We were sitting next to each other on the warm, old sofa that had probably been there since even before neither of us was born, staring at the television. It was some kind of a reality show, but neither of us was really watching it. We were just looking at the fast-moving pictures, the sounds it made we didn't really register.
He then held my hand. His felt so warm and welcoming, making me want him to never let go. "Dana," he called my name. He sounded like he never did before: silent, almost like a breathless whisper. But I could still sense the familiarity of the voice: its calmness, and that it knew what it wanted. He was sure of what he wanted to say. He made sure of that.

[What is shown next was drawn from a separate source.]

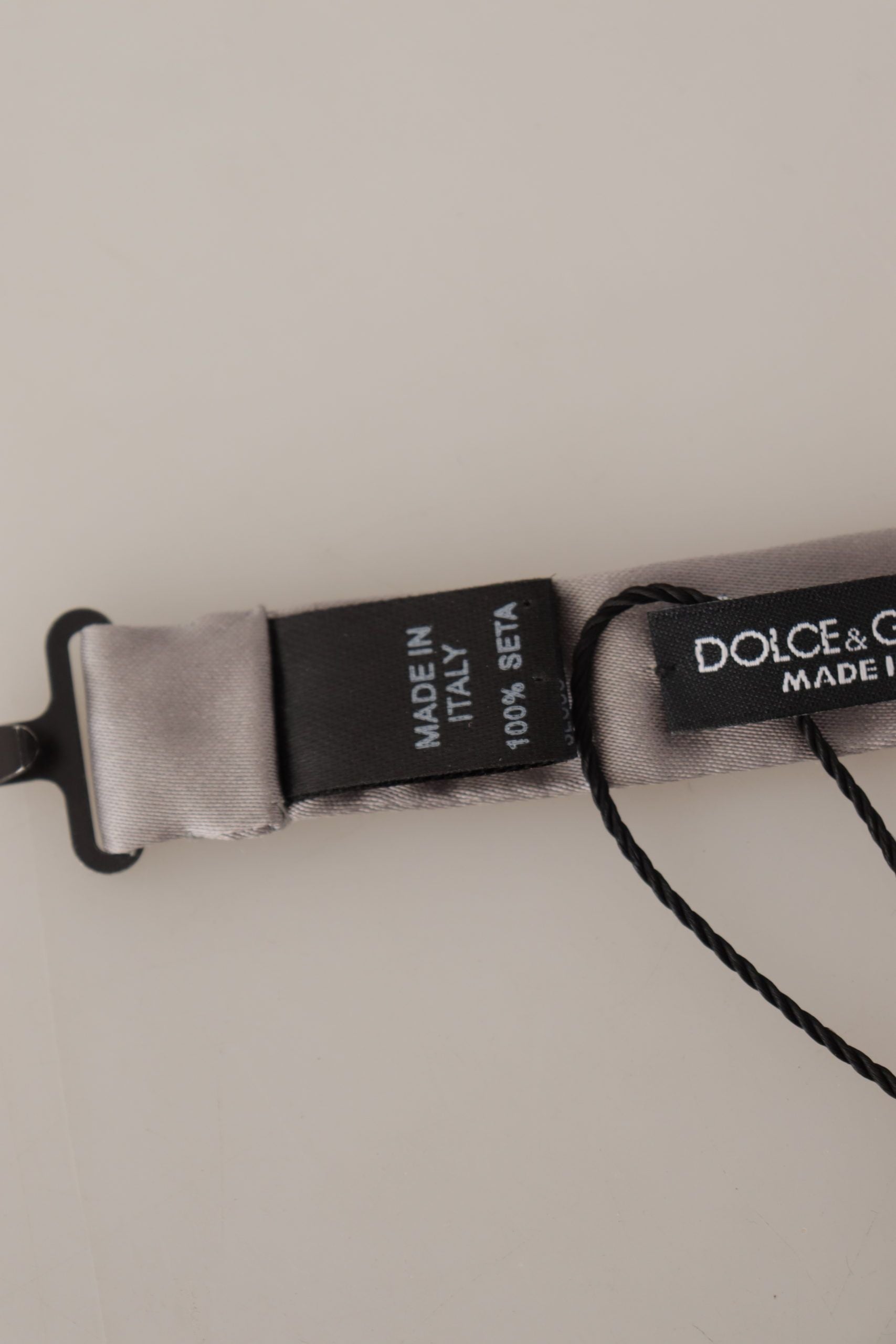 Dolce & Gabbana Silver 100% Silk Slim Adjustable Neck Papillon Men's Tie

At first, I only looked at our hands--his big hand lovingly secured my fragile one--and then, after I broke free just to intertwine our fingers so it would feel more complete--more us--I looked up at him and waited.
For a couple of seconds that felt like long hours of self-convincing, he finally said it. "I want you to leave," he said, finally sounding like himself, trying to once again convince himself that this was right, this was what he wanted, "with me. I want you to run with me to a place where we can be together, as ourselves, for as long as we want to."

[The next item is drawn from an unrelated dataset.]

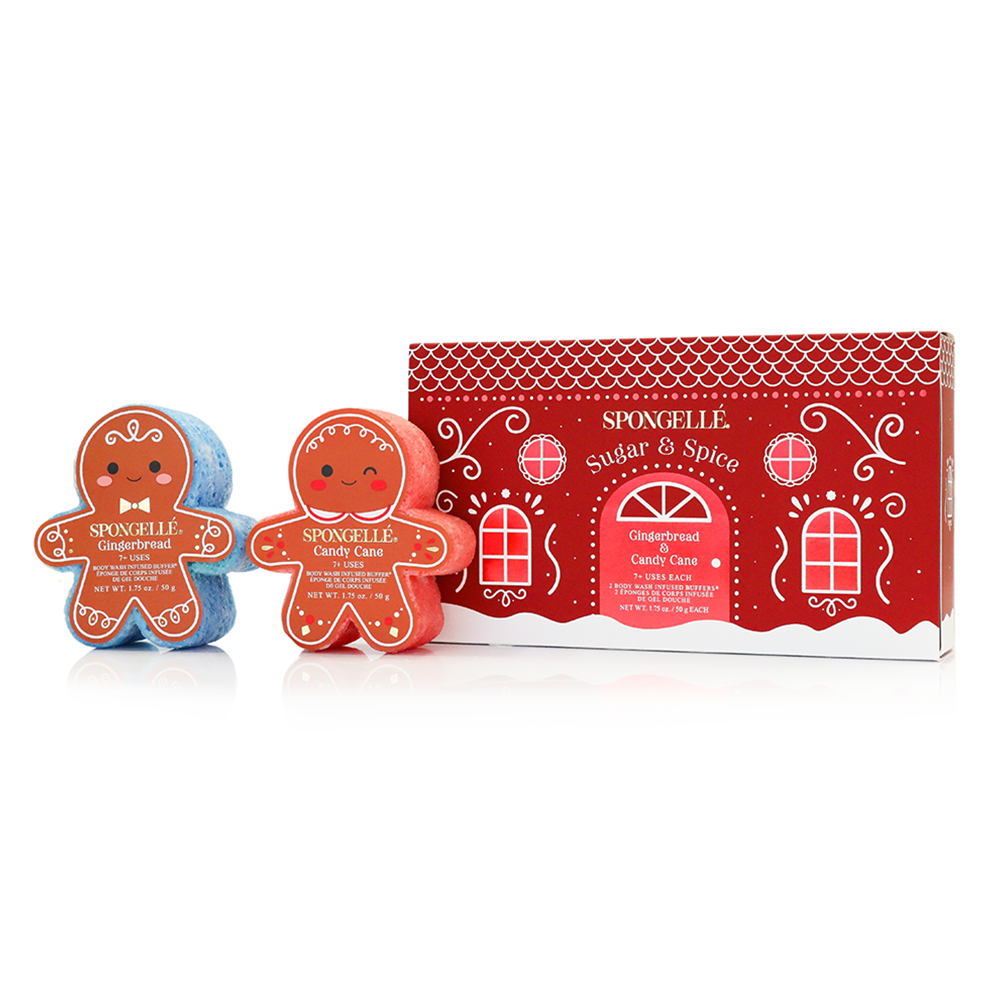Holiday gingerbread gift set with two gingerbread-shaped Spongelle sponges and red box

I guessed I had been expecting it, but the reality of it took me aback still. I saw his seriousness in his dark, brown, mesmerizing eyes, and that made me quiver. I understood him. I wanted this as badly as he did. I wanted desperately to scream agreement, pull him into a hug and let him kiss me, feel excited. I could see it clearly: our future together, living under one roof, sharing happiness in an eternity that was ours. Only me and him. I wanted to reach out and grab that image so badly it hurt.
But then it dawned on me that that would just be it: an image of the future we could never have. We both knew this. It was not going to happen. We lived in two different worlds, literally, and we should not have even met each other at all, because of the way the worlds worked. It felt wrong and unfair, but that was the truth. We could never be together.
I let go of his hand and turned away. It hurt. The pain felt too real in my chest that it felt like my heart would burst. I shook my head slowly. "I can't," I whispered, using all my strength to fight back the tears I didn't know I was holding that I didn't have enough energy to speak properly.
I couldn't bring myself to see his face, no matter how hard I tried, for the last time. I stood up, and after seconds of gritted teeth and gnawing pain and betrayal, because the worlds were unfair, because all of this happened to me, and to him, and that it was inevitable that I was going to hurt him, and myself, I said slowly, only barely audible to him, "I have to go."
And as I walked out of the room, I didn't have anything left to keep my tears from flowing down my cheek.